L'Europa chiamò: quelle notti di sogni, di coppe e di campioni
Dal giro di campo di Losi dopo la Coppa delle Fiere a Pellegrini. Le imprese contro Colonia, Dundee e Barcellona. Anni di gioie, ma anche dolori: ora è delirio!
C'è un filo lungo 61 anni, a legare Giacomino Losi e Lorenzo Pellegrini. Un filo giallorosso fatto di 22.141 giorni: una vita, più o meno, ad attendere che qualcuno potesse emulare "Core de Roma" e sollevare al cielo, da capitano della Roma, un trofeo europeo. Allora, l'11 ottobre 1961, fu la Coppa delle Fiere, antenata della Coppa Uefa/Europa League: in un'Olimpico carico d'amore e passione e lacrime di gioia, così lontano eppure così vicino all'Olimpico visto in questa stagione, il giro di campo di Losi e compagni fu il coronamento di un sogno. Veniva da Soncino, Losi, ma era già diventato romano e romanista a tutti gli effetti. Non a caso il suo volto è stato ritratto nella celebre coreografia della Curva Sud in cui si celebravano i "figli di Roma, capitani e bandiere".
Quella Coppa, come questa, fu meritatissima anche se sofferta, anche perché sofferta. Dopo aver eliminato l'Union St. Giloise senza troppi problemi, Manfredini e compagni ai quarti trovarono il Colonia: la vittoria per 2-0 in Germania sembrava ipotecare il passaggio, ma a Roma i tedeschi vinsero con lo stesso risultato, costringendo la Roma a uno spareggio. Il 1° marzo 1961, al Flaminio, una doppietta di "Piedone", Lojacono e Pestrin misero al tappeto gli avversari (4-1) e ci portarono in semifinale. Gli scozzesi dell'Hibernian pure ci fecero penare: a Edimburgo finì 2-2, all'Olimpico 3-3. La "bella", il 27 maggio, rappresentò forse la miglior prestazione nella carriera di Pedro Manfredini: 6-0 e finale, con poker dell'argentino e gol di Menichelli e Selmosson. Poi fu il trionfo sul Birmingham City (2-2 in Inghilterra e 2-0 a Roma), ma per arrivare ad alzare quella coppa la Roma dovette soffrire.
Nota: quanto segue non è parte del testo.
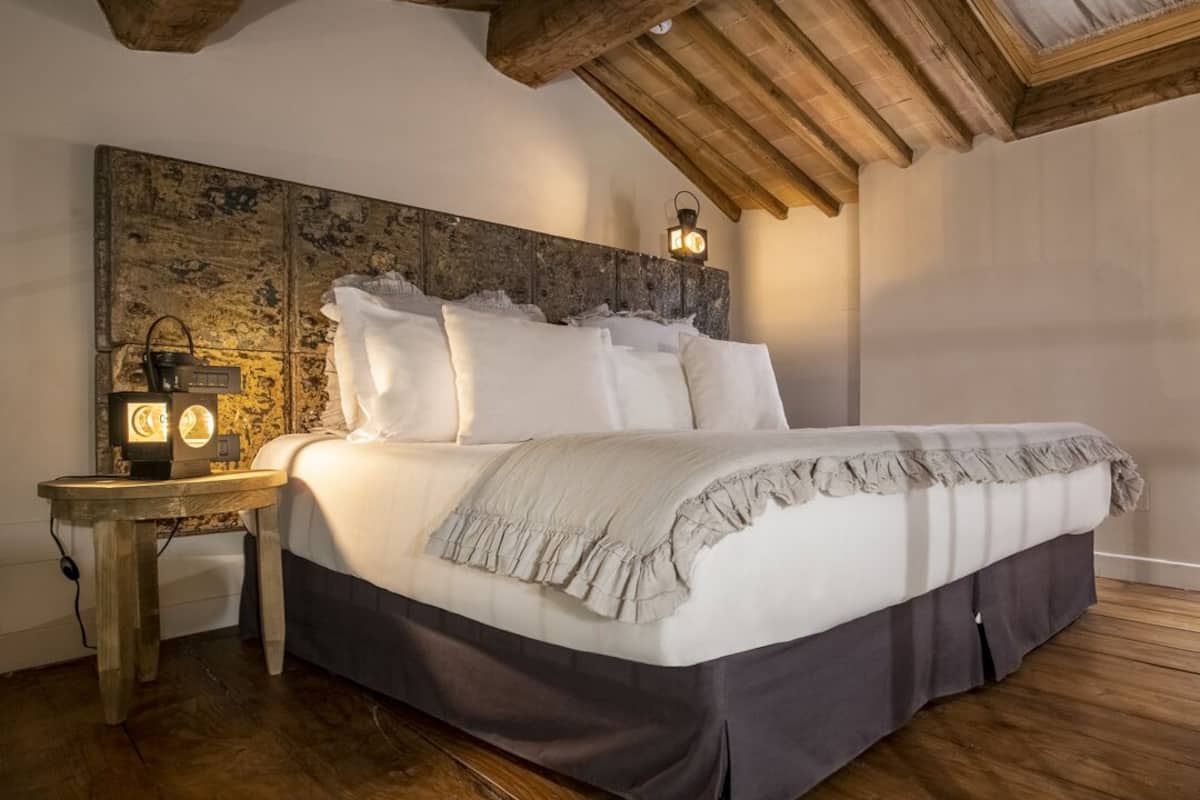 A bedroom with a large bed, wooden headboard, and a nightstand with a lantern.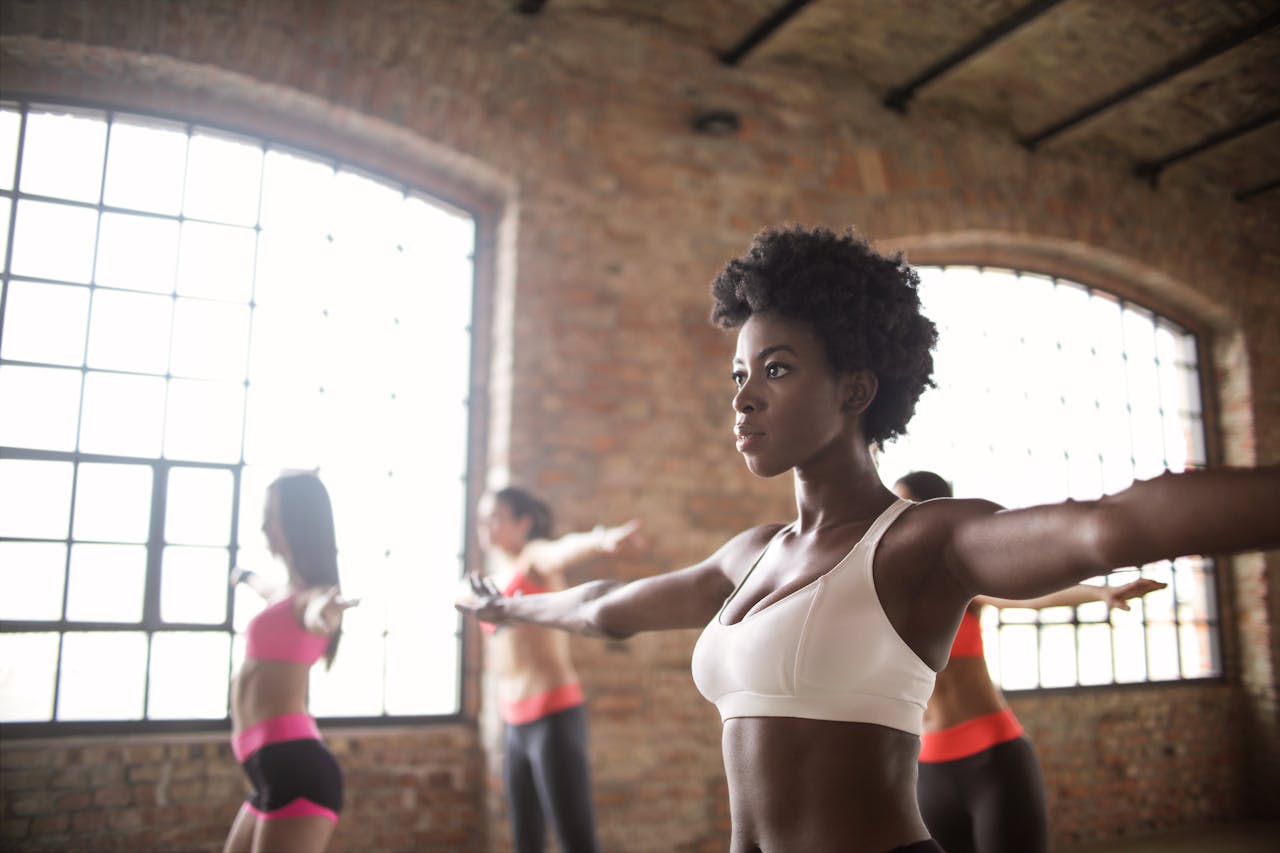 Femmes bras tendus en cours de fitness dans un loft aux murs de briques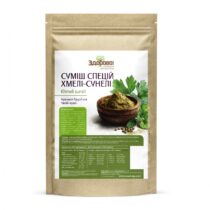 Kraft paper pouch with a white label showing Ukrainian text for 'Khmeli suneli' spice mix and a bowl of ground spice with greens on the label, product packaging.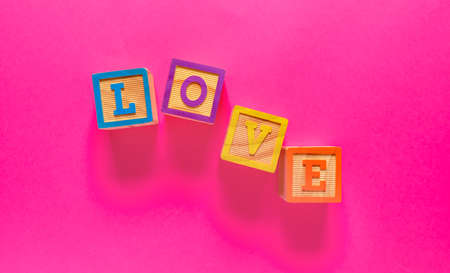 Word LOVE composed from cubes on color background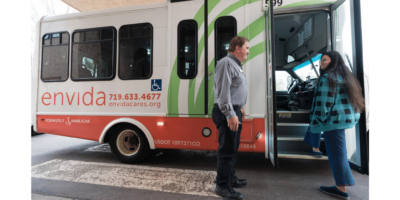 Driver assisting young adult boarding bus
Proprio come hanno dovuto fare gli uomini di Mou quest'anno: a Bodø, travolti dal gelo e dai gol; in casa col Vitesse, col fiato sospeso fino al gol di Abraham che ha scongiurato i supplementari; di nuovo con i norvegesi, vittoriosi a casa loro e poi presi finalmente a pallonate.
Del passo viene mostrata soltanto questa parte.